Есть такой злой анекдот: человек бежит со всех ног к автобусу, стоящему на остановке. А водитель смотрит на него и гадает: «Успеет или не успеет? Успеет или не успеет?». Потом закрывает дверь перед самым его носом и констатирует: «Не успел, придурок!». Это именно то, что делает наше общество с детьми (и не только с детьми), которым не повезло в жизни. Сначала он жил с пьющими родителями, или скитался по улицам, или подвергался насилию, и до этого никому не было дела. Потом его поместили в казенный дом, где он был одним из многих, и до него опять никому не было дела. Потом, даже если ему повезло обрести новую семью, он же оказывается виноватым в том, что не развит, не знает, не умеет. В общем, «не успел, придурок». Это грустно и несправедливо, но, к сожалению, сегодня это так. И потребуется много лет и много усилий, чтобы изменить правила этой жестокой игры. Вопрос в том, какую роль в ней будете играть вы: створки захлопывающейся перед носом ребенка двери, или руки, протянутой навстречу?
Хотелось бы предостеречь вас от другой крайности. Вы искренне хотите помочь ребенку. Вы готовы сделать для него все, что от вас зависит. Может быть, вы думаете о нем больше, чем о любом другом ученике, менее строги к нему, потакаете, не решаетесь проявлять твердость. Вы то и дело пытаетесь поговорить с ним по душам или подолгу чуть ли не каждый день разговариваете по телефону с его родителями, обсуждая его школьные дела. Вы нередко ловите себя на мыслях о том, что ему довелось пережить, и как же, наверное, трудно приходится сейчас… На самом деле очень рискованно строить свою работу со сложным ребенком на жалости и на готовности «все для него сделать». Жалость не придаст сил ни вам, ни ему. «Все сделать» не получится, потому что вы не сможете открутить время назад и заменить его сложную судьбу на другую. Зато заработать нервное истощение можно очень быстро (о том, как учителю этого избежать, пойдет речь ближе к концу книги). А чем сможет помочь ребенку педагог в таком состоянии?

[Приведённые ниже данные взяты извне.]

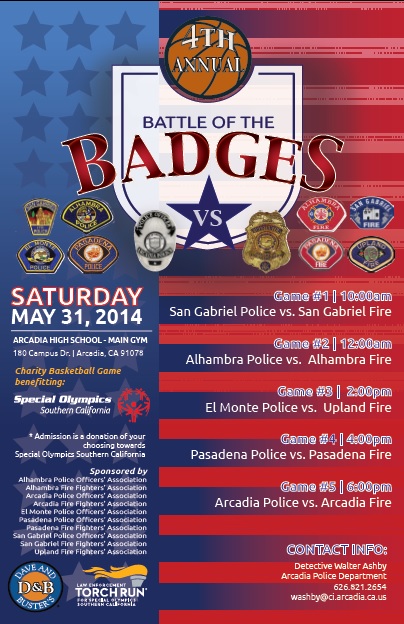 2014 Battle of the Badges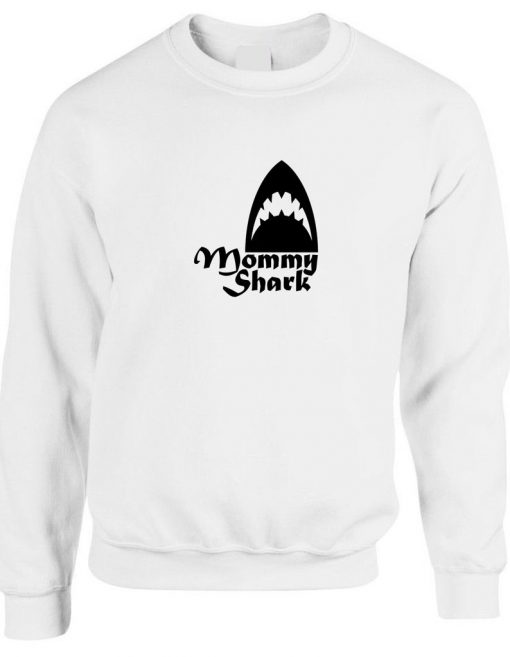 Mommy Shark Sweatshirt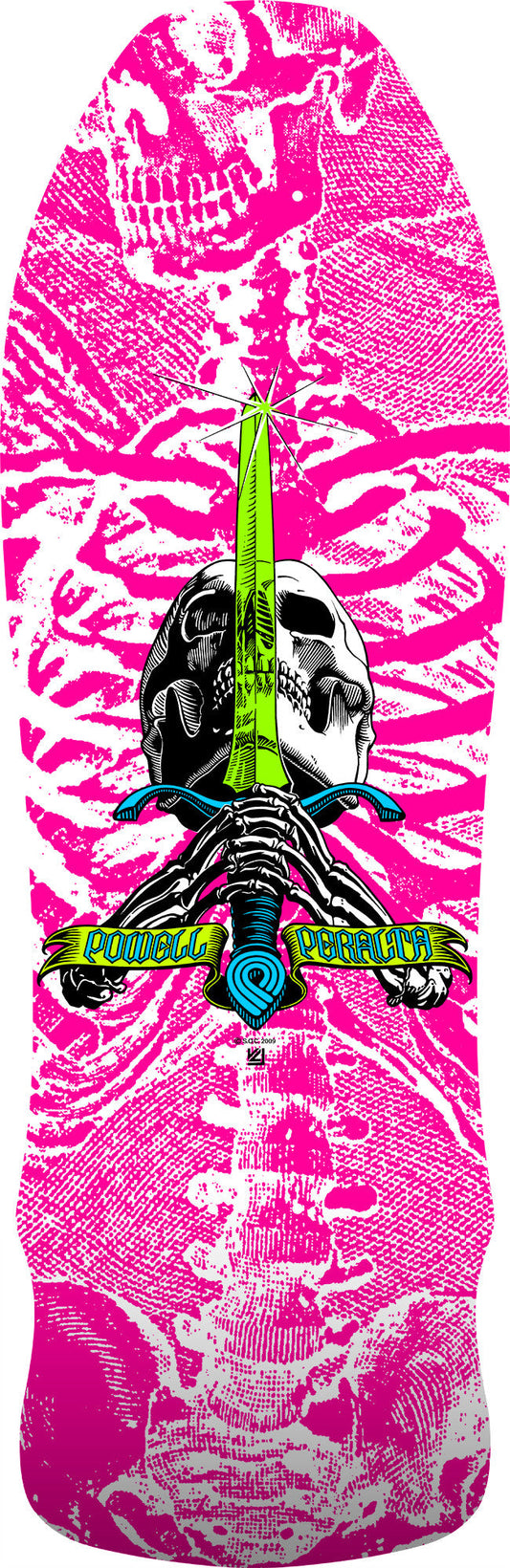 Powell Peralta OG Ripper Skateboard Deck - 10.0"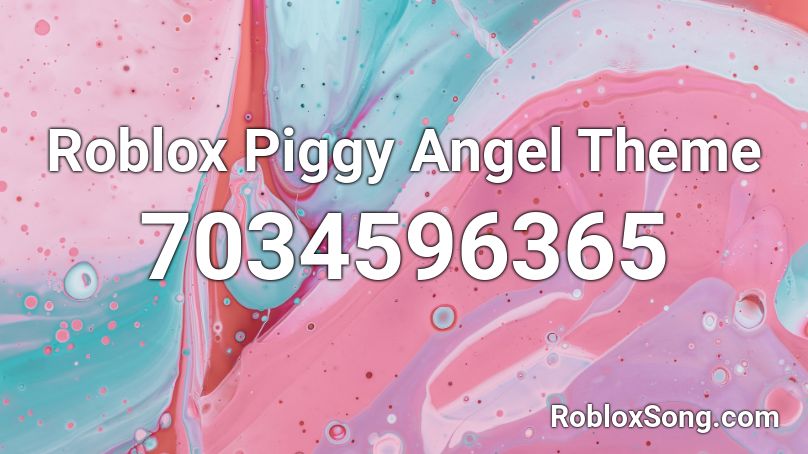 Roblox Piggy Angel Theme Roblox ID
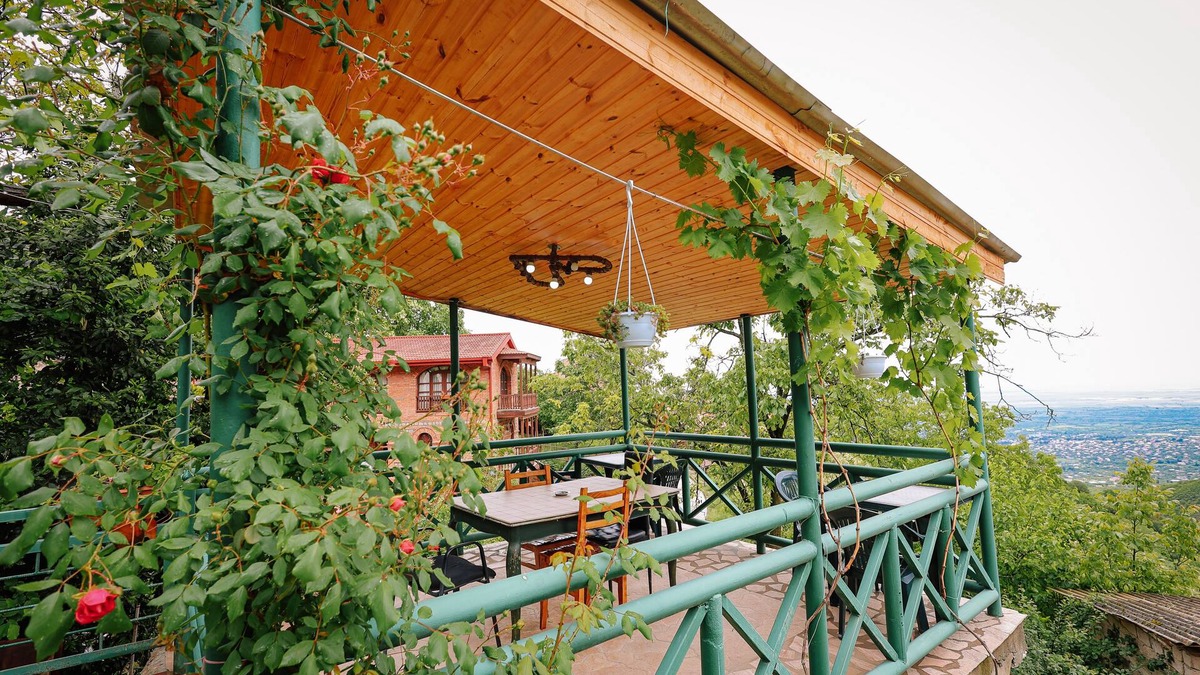 mtatsminda Bed & Breakfast | Sighnaghi view house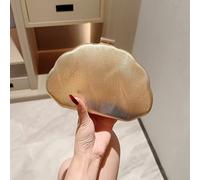 TEMU Elegante bolso de de mujer con forma de concha dorada - Bolso versátil con correa de cadena, para , regalos de Día de la formales, accesorio para invitados de | Bolso de lujo | Acabado metálico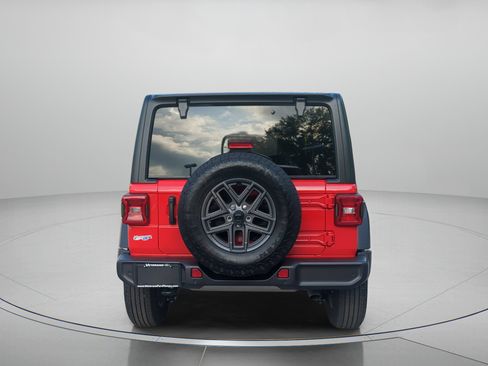 Used 2026 Jeep Wrangler Unlimited Sport AWD/4WD image 41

Гораздо правильнее отнестись к ситуации по-деловому, как к новому профессиональному вызову. Вы никогда не сталкивались с такими детьми – что же, пришла пора научиться с ними работать! Представляете, как было бы скучно, если бы все дети были такими, как нам хочется… Зато теперь профессиональная деградация вам точно не грозит. Кстати, полученные знания и навыки окажутся очень полезными при работе с другими сложными учениками. А таких в наших школах предостаточно – детей скандально разводящихся родителей, детей, «подброшенных» бабушкам, детей из неблагополучных семей, детей мигрантов, потерявших свой дом, привычное окружение, возможность говорить и учиться на родном языке. Вы узнаете многие их черты, когда будете читать вторую главу книги.
Итак, начинаем с правильного настроя. Сравните мысленно две картинки.
Первая. Вы – уставший, измученный учитель. Напротив вас – ваша Проблема – неудобный, трудный ребенок. Между вами – баррикада. Вам предстоит борьба, неравная и неправедная. Как самочувствие?
Вторая. Вы (уставший, конечно). Рядом – ребенок (неудобный, разумеется). Перед вами – баррикада, а за ней – Проблема, то есть все связанные с ребенком трудности. И вы вместе (на самом деле не только вы, а еще и родители, и коллеги, и, может быть, другие ребята) вступаете в борьбу не с ребенком, а с Проблемой. Может быть, ребенок не сразу станет активным вашим союзником, но ведь вы с ним по одну сторону баррикады, а это уже немало. Кажется, так уже повеселей?..
Постарайтесь удерживать именно эту «диспозицию» и все время помнить, кто и против чего (а не кого!) сражается. Это самое главное. Если удастся это, остальное получится обязательно – не сейчас, так позже.